Census data released in late March revealed a dramatic population drop in Los Angeles County between July 2024 and July 2025. The U.S. Census Bureau reported that approximately 54,000 residents departed the county during this period—marking the largest decline for any region in the nation. LA County’s population fell below 10 million for the first time since 2020, reflecting a sustained trend of outmigration.
Outlying regions have particularly benefited from these departures, with Las Vegas recording a gain of 20,000 residents during the same timeframe. The exodus stems from California’s escalating affordability crisis, driven by high costs of living, crime, poor governance, and economic disarray. Middle-class residents have been leaving the state for over a decade, with immigration previously offsetting losses but now declining.
A University of California, Berkeley study analyzing movers from 2016 to 2025 found significant financial improvements for those who relocated. On average, they moved to neighborhoods where monthly housing costs dropped by $672, and after seven years, were 48% more likely to own a home compared to those who stayed.
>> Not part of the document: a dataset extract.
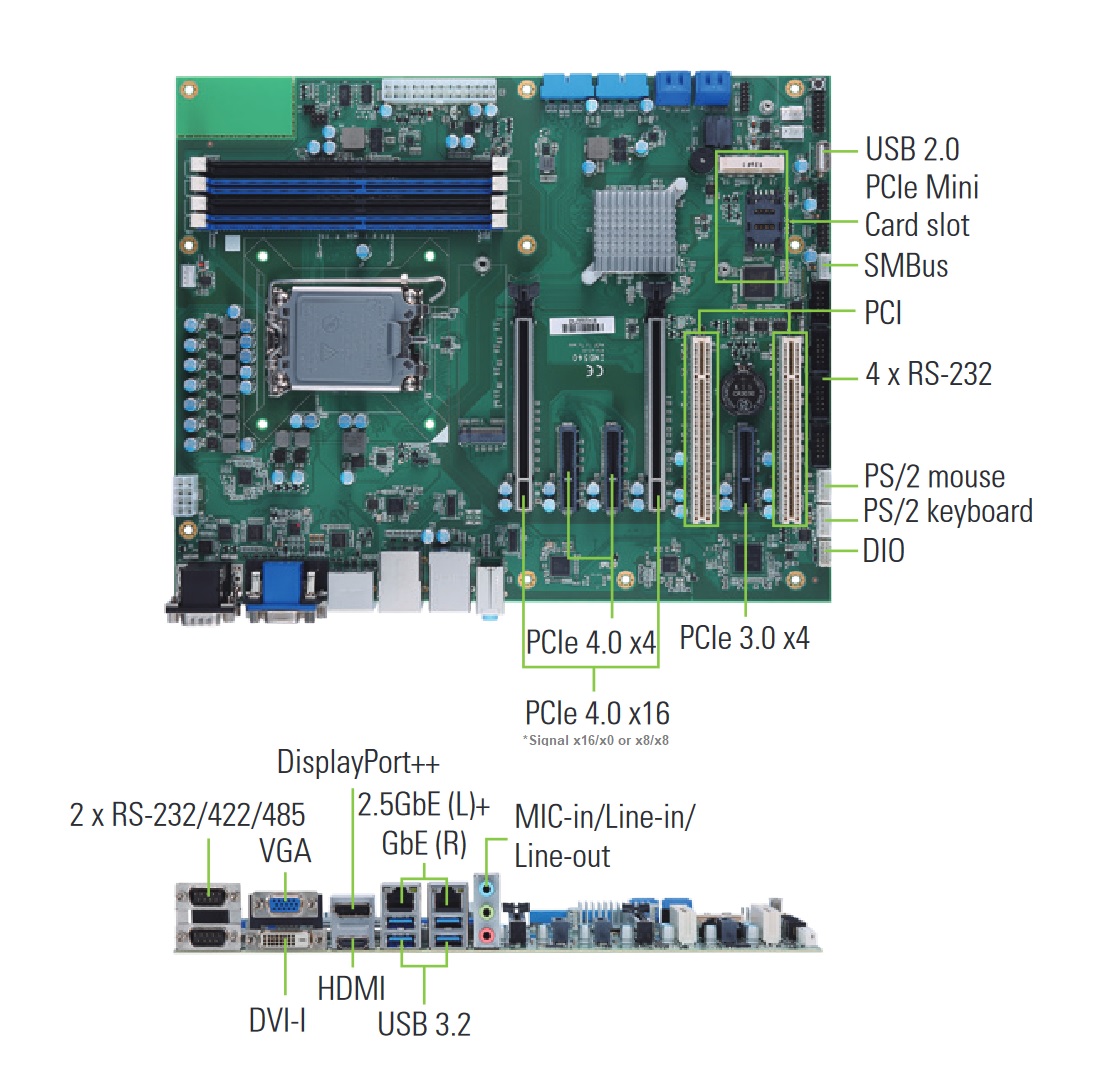 IMB540 IO Detail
Renters saw rents decrease by about 30%, or roughly $631 per month, in their new areas. Nevada emerged as the top destination for California migrants, gaining an average of 81 residents per 10,000 Californians annually, followed by Idaho, Oregon, and Arizona.
The study identifies California’s affordability crisis as the core issue, where many residents can no longer sustain a decent life without financial or social assistance. Despite political discussions on affordability, governing in states like California has proven inadequate for those seeking economic stability.